# TASK STATEMENT:
Give again, unaltered, the line with "Chocolate Brown –" and all lines that follow it in the listing below, minus any pictures.

# SOURCE MATERIAL:
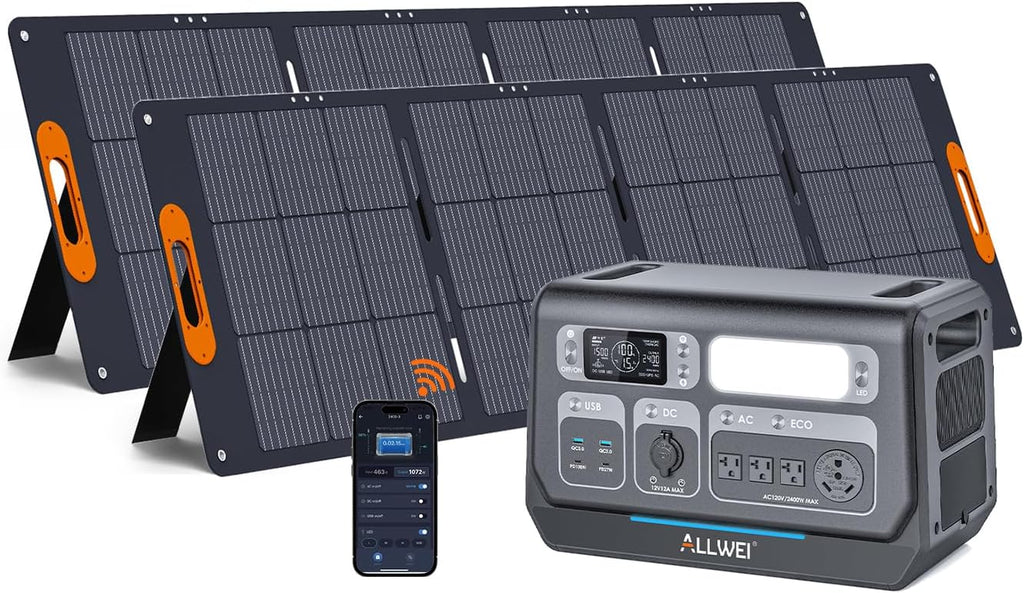 ALLWEI LiFePO4 Solar Generator 2400W with 2x 200W Solar Panels, 2048Wh Portable Power Station, Fast Charge in 1.5H, 4 AC Outlet, Home Battery Backup for RV Outdoor Camping Emergency Power Outage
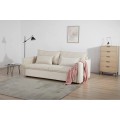Dizajnová škandinávska rozkladacia trojmiestna sedačka Heaven s krémovo béžovým kordovým poťahom a úložným priestorom 215 cm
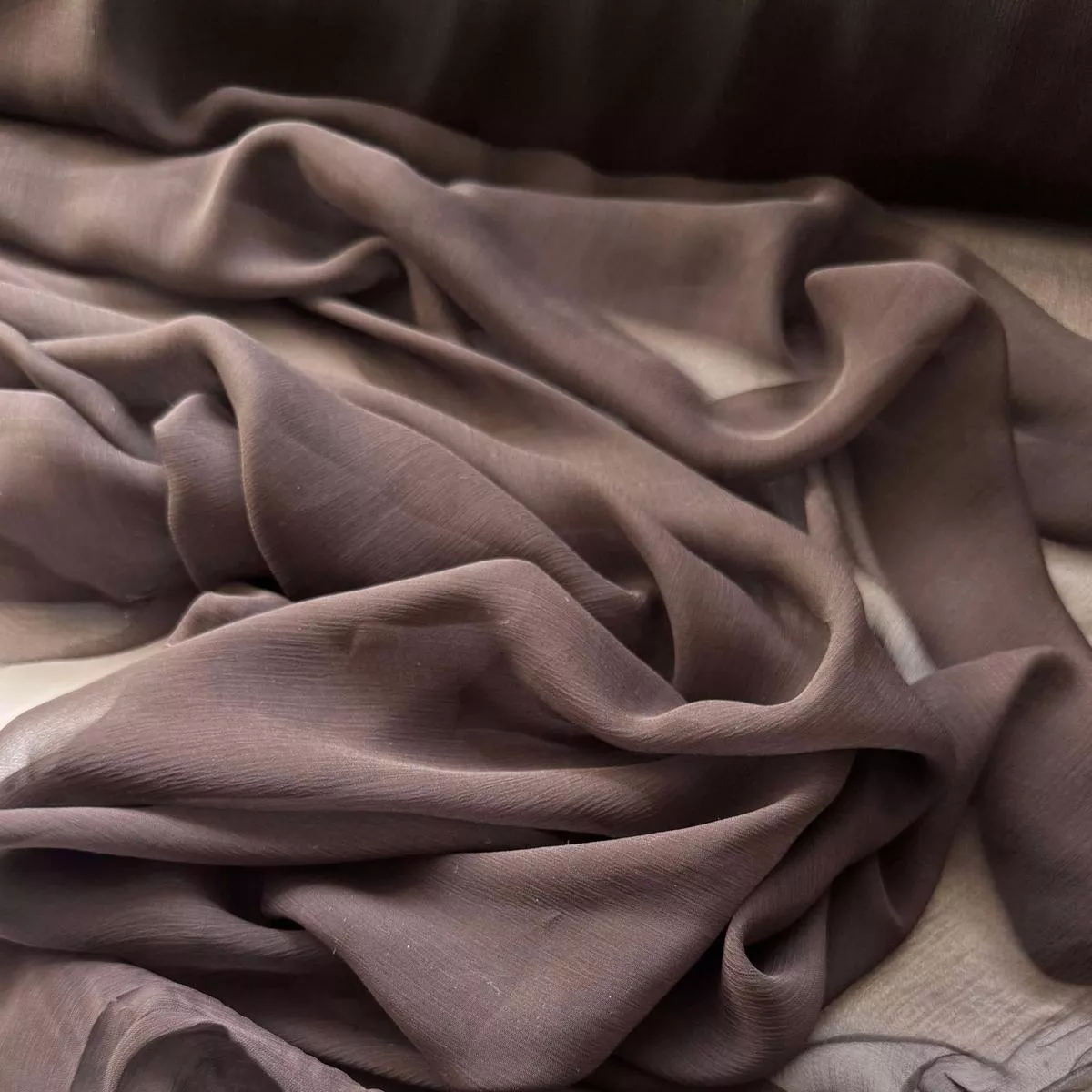 Chocolate Brown – 5mm Crinkle Silk Chiffon Fabric
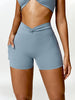 TWISTED HIGH WAIST ACTIVE SHORTS WITH POCKETS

# THE COMPLETED TASK:
 Chocolate Brown – 5mm Crinkle Silk Chiffon Fabric
 TWISTED HIGH WAIST ACTIVE SHORTS WITH POCKETS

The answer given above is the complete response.